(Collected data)
↓↓↓
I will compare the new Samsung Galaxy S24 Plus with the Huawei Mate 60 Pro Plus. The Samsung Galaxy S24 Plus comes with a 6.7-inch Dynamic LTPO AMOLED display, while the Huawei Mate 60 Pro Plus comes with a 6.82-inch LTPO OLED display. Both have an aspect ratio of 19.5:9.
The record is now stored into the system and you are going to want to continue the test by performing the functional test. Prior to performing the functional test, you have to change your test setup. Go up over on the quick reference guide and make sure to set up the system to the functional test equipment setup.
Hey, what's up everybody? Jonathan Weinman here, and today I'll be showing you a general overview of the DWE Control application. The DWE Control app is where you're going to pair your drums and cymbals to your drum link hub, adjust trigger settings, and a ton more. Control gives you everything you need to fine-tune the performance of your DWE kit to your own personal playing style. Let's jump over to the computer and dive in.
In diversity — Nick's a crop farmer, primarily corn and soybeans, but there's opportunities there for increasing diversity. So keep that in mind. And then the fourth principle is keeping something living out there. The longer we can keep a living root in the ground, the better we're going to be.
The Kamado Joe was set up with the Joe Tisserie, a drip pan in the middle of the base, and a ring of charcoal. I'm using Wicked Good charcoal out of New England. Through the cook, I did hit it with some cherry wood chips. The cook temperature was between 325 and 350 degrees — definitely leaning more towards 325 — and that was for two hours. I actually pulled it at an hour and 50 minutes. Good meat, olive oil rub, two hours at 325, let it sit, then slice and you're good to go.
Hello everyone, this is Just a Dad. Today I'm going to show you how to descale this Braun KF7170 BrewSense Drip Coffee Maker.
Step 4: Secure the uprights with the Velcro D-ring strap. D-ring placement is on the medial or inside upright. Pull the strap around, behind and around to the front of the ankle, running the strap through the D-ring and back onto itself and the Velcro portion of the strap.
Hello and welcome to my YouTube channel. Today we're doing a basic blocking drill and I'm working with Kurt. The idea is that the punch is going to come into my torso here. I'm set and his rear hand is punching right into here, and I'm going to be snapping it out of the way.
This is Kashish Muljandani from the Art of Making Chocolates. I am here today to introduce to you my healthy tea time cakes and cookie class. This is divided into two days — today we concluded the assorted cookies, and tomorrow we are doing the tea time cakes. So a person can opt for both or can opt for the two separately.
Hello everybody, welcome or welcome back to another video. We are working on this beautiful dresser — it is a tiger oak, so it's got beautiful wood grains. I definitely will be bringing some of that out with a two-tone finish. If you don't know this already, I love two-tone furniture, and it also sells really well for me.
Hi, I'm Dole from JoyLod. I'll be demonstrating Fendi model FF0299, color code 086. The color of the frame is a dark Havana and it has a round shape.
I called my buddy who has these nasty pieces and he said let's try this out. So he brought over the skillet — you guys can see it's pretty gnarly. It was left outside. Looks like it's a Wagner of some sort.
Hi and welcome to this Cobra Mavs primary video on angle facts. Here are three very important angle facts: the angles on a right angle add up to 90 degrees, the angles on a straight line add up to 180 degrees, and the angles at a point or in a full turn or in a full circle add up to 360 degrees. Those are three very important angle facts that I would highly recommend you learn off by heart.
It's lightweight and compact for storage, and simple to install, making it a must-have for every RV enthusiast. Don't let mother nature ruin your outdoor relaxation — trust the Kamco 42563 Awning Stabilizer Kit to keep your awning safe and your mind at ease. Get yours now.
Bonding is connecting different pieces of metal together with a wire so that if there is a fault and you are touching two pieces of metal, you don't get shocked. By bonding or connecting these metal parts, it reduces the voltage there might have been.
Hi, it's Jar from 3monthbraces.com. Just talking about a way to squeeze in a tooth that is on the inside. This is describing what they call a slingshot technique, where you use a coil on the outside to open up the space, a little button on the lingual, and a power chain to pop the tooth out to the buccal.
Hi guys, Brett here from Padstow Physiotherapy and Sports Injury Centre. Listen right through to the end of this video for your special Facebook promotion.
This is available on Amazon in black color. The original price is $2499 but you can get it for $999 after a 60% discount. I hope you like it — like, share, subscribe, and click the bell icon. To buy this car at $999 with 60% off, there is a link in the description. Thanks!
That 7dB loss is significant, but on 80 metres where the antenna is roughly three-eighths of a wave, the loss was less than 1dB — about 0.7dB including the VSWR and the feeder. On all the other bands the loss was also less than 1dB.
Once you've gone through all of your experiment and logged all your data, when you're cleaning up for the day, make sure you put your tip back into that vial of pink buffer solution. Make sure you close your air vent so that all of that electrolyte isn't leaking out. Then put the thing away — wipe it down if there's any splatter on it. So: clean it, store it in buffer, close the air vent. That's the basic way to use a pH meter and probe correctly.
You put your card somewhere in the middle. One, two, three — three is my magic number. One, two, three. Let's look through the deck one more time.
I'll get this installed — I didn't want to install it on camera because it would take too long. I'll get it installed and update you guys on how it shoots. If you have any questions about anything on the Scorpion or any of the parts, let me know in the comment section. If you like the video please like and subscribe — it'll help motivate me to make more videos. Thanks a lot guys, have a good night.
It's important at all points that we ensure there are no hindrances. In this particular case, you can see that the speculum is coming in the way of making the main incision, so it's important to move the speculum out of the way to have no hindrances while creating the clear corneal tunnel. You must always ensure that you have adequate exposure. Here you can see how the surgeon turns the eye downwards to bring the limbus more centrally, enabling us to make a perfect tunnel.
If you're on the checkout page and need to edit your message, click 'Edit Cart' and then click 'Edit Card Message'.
↑↑↑
■ PROBLEM REQUIREMENTS
Print out all the entries above exactly.

■ OUTPUT
I will compare the new Samsung Galaxy S24 Plus with the Huawei Mate 60 Pro Plus. The Samsung Galaxy S24 Plus comes with a 6.7-inch Dynamic LTPO AMOLED display, while the Huawei Mate 60 Pro Plus comes with a 6.82-inch LTPO OLED display. Both have an aspect ratio of 19.5:9.
The record is now stored into the system and you are going to want to continue the test by performing the functional test. Prior to performing the functional test, you have to change your test setup. Go up over on the quick reference guide and make sure to set up the system to the functional test equipment setup.
Hey, what's up everybody? Jonathan Weinman here, and today I'll be showing you a general overview of the DWE Control application. The DWE Control app is where you're going to pair your drums and cymbals to your drum link hub, adjust trigger settings, and a ton more. Control gives you everything you need to fine-tune the performance of your DWE kit to your own personal playing style. Let's jump over to the computer and dive in.
In diversity — Nick's a crop farmer, primarily corn and soybeans, but there's opportunities there for increasing diversity. So keep that in mind. And then the fourth principle is keeping something living out there. The longer we can keep a living root in the ground, the better we're going to be.
The Kamado Joe was set up with the Joe Tisserie, a drip pan in the middle of the base, and a ring of charcoal. I'm using Wicked Good charcoal out of New England. Through the cook, I did hit it with some cherry wood chips. The cook temperature was between 325 and 350 degrees — definitely leaning more towards 325 — and that was for two hours. I actually pulled it at an hour and 50 minutes. Good meat, olive oil rub, two hours at 325, let it sit, then slice and you're good to go.
Hello everyone, this is Just a Dad. Today I'm going to show you how to descale this Braun KF7170 BrewSense Drip Coffee Maker.
Step 4: Secure the uprights with the Velcro D-ring strap. D-ring placement is on the medial or inside upright. Pull the strap around, behind and around to the front of the ankle, running the strap through the D-ring and back onto itself and the Velcro portion of the strap.
Hello and welcome to my YouTube channel. Today we're doing a basic blocking drill and I'm working with Kurt. The idea is that the punch is going to come into my torso here. I'm set and his rear hand is punching right into here, and I'm going to be snapping it out of the way.
This is Kashish Muljandani from the Art of Making Chocolates. I am here today to introduce to you my healthy tea time cakes and cookie class. This is divided into two days — today we concluded the assorted cookies, and tomorrow we are doing the tea time cakes. So a person can opt for both or can opt for the two separately.
Hello everybody, welcome or welcome back to another video. We are working on this beautiful dresser — it is a tiger oak, so it's got beautiful wood grains. I definitely will be bringing some of that out with a two-tone finish. If you don't know this already, I love two-tone furniture, and it also sells really well for me.
Hi, I'm Dole from JoyLod. I'll be demonstrating Fendi model FF0299, color code 086. The color of the frame is a dark Havana and it has a round shape.
I called my buddy who has these nasty pieces and he said let's try this out. So he brought over the skillet — you guys can see it's pretty gnarly. It was left outside. Looks like it's a Wagner of some sort.
Hi and welcome to this Cobra Mavs primary video on angle facts. Here are three very important angle facts: the angles on a right angle add up to 90 degrees, the angles on a straight line add up to 180 degrees, and the angles at a point or in a full turn or in a full circle add up to 360 degrees. Those are three very important angle facts that I would highly recommend you learn off by heart.
It's lightweight and compact for storage, and simple to install, making it a must-have for every RV enthusiast. Don't let mother nature ruin your outdoor relaxation — trust the Kamco 42563 Awning Stabilizer Kit to keep your awning safe and your mind at ease. Get yours now.
Bonding is connecting different pieces of metal together with a wire so that if there is a fault and you are touching two pieces of metal, you don't get shocked. By bonding or connecting these metal parts, it reduces the voltage there might have been.
Hi, it's Jar from 3monthbraces.com. Just talking about a way to squeeze in a tooth that is on the inside. This is describing what they call a slingshot technique, where you use a coil on the outside to open up the space, a little button on the lingual, and a power chain to pop the tooth out to the buccal.
Hi guys, Brett here from Padstow Physiotherapy and Sports Injury Centre. Listen right through to the end of this video for your special Facebook promotion.
This is available on Amazon in black color. The original price is $2499 but you can get it for $999 after a 60% discount. I hope you like it — like, share, subscribe, and click the bell icon. To buy this car at $999 with 60% off, there is a link in the description. Thanks!
That 7dB loss is significant, but on 80 metres where the antenna is roughly three-eighths of a wave, the loss was less than 1dB — about 0.7dB including the VSWR and the feeder. On all the other bands the loss was also less than 1dB.
Once you've gone through all of your experiment and logged all your data, when you're cleaning up for the day, make sure you put your tip back into that vial of pink buffer solution. Make sure you close your air vent so that all of that electrolyte isn't leaking out. Then put the thing away — wipe it down if there's any splatter on it. So: clean it, store it in buffer, close the air vent. That's the basic way to use a pH meter and probe correctly.
You put your card somewhere in the middle. One, two, three — three is my magic number. One, two, three. Let's look through the deck one more time.
I'll get this installed — I didn't want to install it on camera because it would take too long. I'll get it installed and update you guys on how it shoots. If you have any questions about anything on the Scorpion or any of the parts, let me know in the comment section. If you like the video please like and subscribe — it'll help motivate me to make more videos. Thanks a lot guys, have a good night.
It's important at all points that we ensure there are no hindrances. In this particular case, you can see that the speculum is coming in the way of making the main incision, so it's important to move the speculum out of the way to have no hindrances while creating the clear corneal tunnel. You must always ensure that you have adequate exposure. Here you can see how the surgeon turns the eye downwards to bring the limbus more centrally, enabling us to make a perfect tunnel.
If you're on the checkout page and need to edit your message, click 'Edit Cart' and then click 'Edit Card Message'.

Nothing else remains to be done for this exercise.